D.L. Mayfield

living in the upside-down kingdom

day 23


NPR interviewed a white supremacist the other day. I didn’t want to listen, but my husband said I should.

The weird thing is, I agreed with parts of it. “It’s only natural for people to want to self-segregate.” Boy, if that isn’t the truth.

I write and think a lot about our natural tendencies to want to be around people who are just like us. It is something I have observed in recent years, but because I am white it never really seemed that big of a deal to me. My culture was neutral, my culture was the norm. All others were exotic, had large gaps to be bridged by myself (the intrepid missionary/explorer). I had a natural curiosity that led me to propel myself into situations where I experienced other parts of American life but my heart and mind were still segregated. I still thought of myself at the top of the hierarchy. But then I met other people. Poor people. People of color. Muslims. Immigrants. Refugees. Mentally Ill people. Children. And oh, the things they revealed to me about God and faith.
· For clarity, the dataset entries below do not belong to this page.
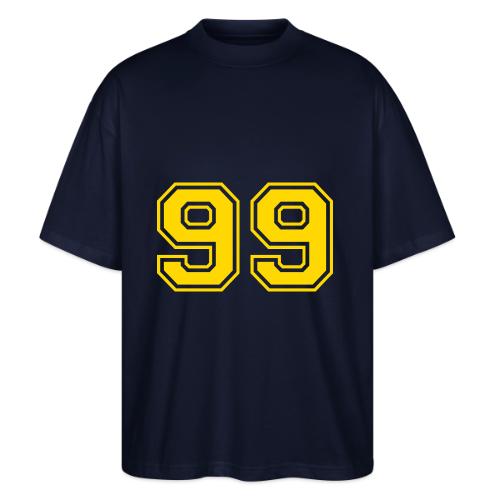 Number 99 in a classic athletic collegiate font - Stanley/Stella Blaster Oversized T-Shirt 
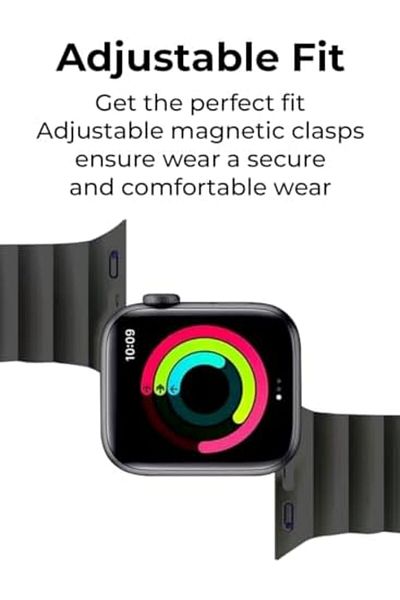 Glassology Smart Watch Band Magnetic Silicone 46 mm Grey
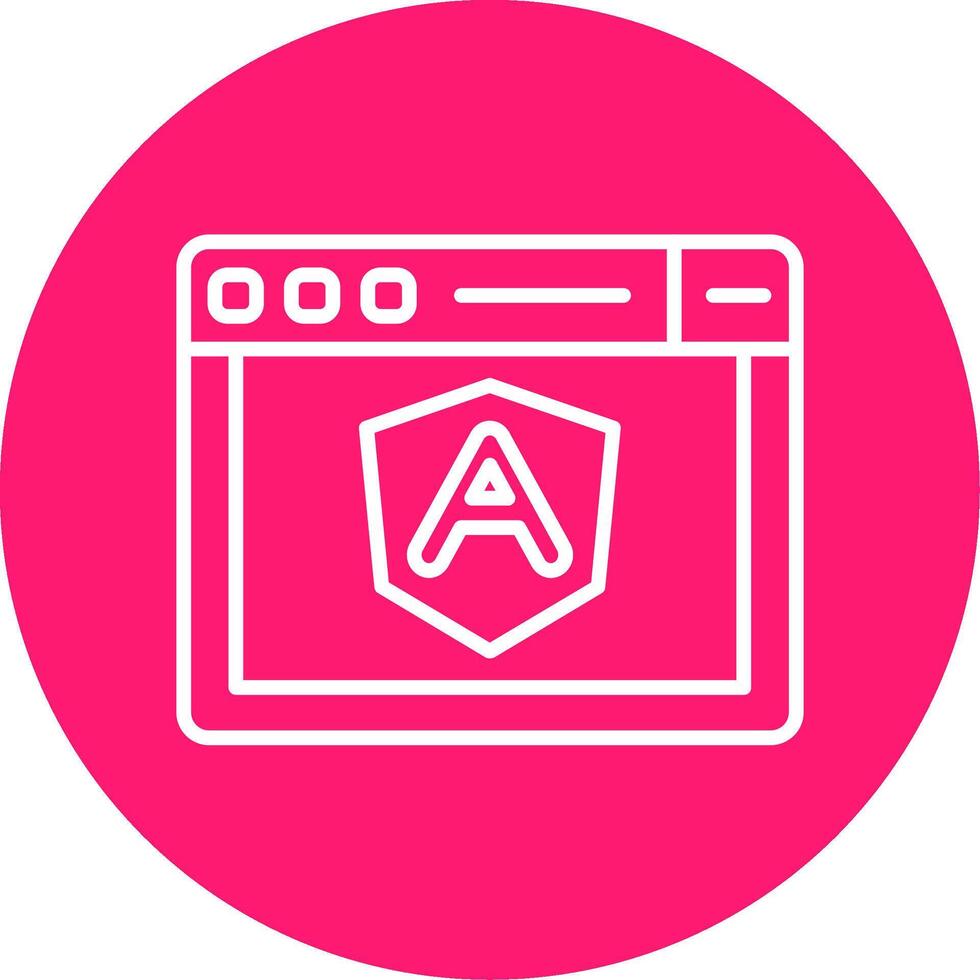 angular Interfaz marco de referencia línea multi circulo vector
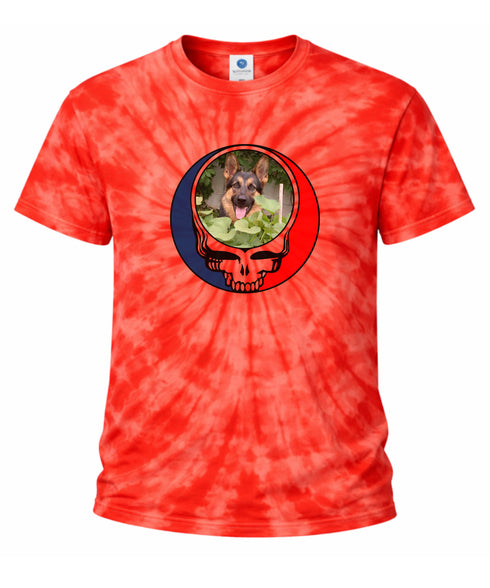 Custom Dog Stealie Tie-Dye Grateful Dead T-Shirt (43)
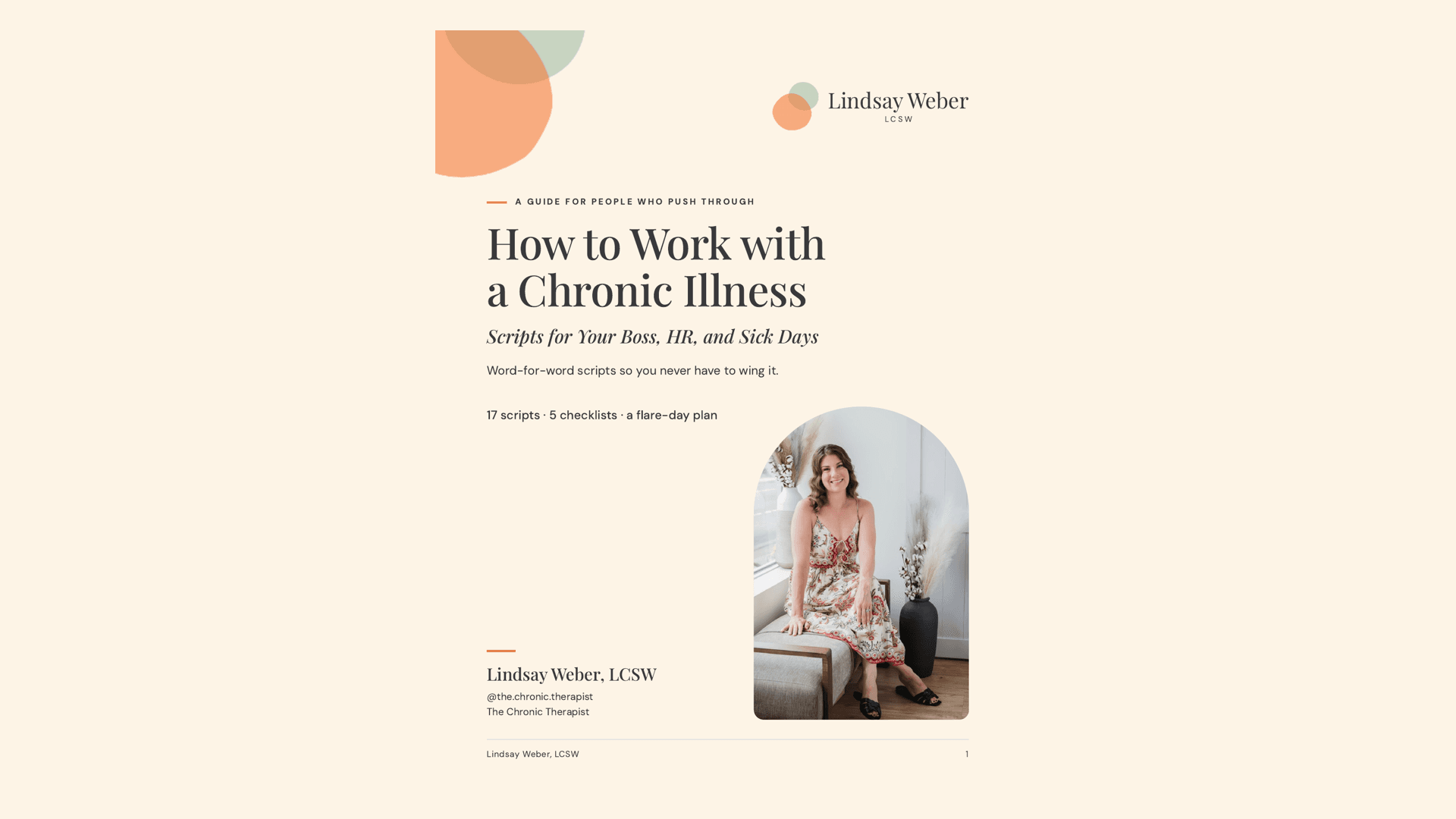 How to Work with a Chronic Illness: Scripts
They taught me so much more than the books I read in college. 

So once I started to learn from others about a real and tangible and good God who was up to all sorts of stuff in the world, the questions loomed larger. Why did I assume I had all the right answers, when it was so obvious I had only a portion of the picture? It felt like falling off a very tall ladder. It felt like a death of sorts. Now I see it quite differently: I have been reborn, made new, scales have fallen from my eyes. Richard Spencer, the white supremacist, talks about the need to come to terms with European/white/American identity--and this is true! We need to confront our history of oppression, our normalizing of ourselves and our othering of everyone else, our lack of interdependence, and our lust for power and control. 

Now here is the where the good news actually starts to seem good: the kingdom of God is the opposite. The kingdom of God is in direct opposition to Richard Spencer, white nationalists, Donald Trump, people who terrified of Muslims or angry at undocumented workers, and to me wanting to just be in community with others exactly like myself. 

I have vacillated in the past few months between fear and despair and anger and sadness. But the truth is the sentiments rising to the surface have been here all along. White supremacy is in the foundation of America and we cannot pretend otherwise. It is a principality we have to struggle against. It is demonic. It is the opposite of the transformational work of Christ that was obsessed with neighbor-love. It calls for protests and prayers and fasting and tambourines; it calls for our lives being oriented around being in community with the suffering. And right now it calls for creativity and commitment, to usher in a season where all is exposed, and where so many can be redeemed. 

Because I truly believe more than ever, that are we going to see the kingdom explode into full bloom. It starts as small as a mustard seed: a chance encounter that causes you to rethink your beliefs, how you were taught to accept inequality and injustice as the norm. And then before you know it, God has turned that seed into a tree, the branches stretching up high to the heavens, small enough to hold the birds and their babies, the most vulnerable parts of our world.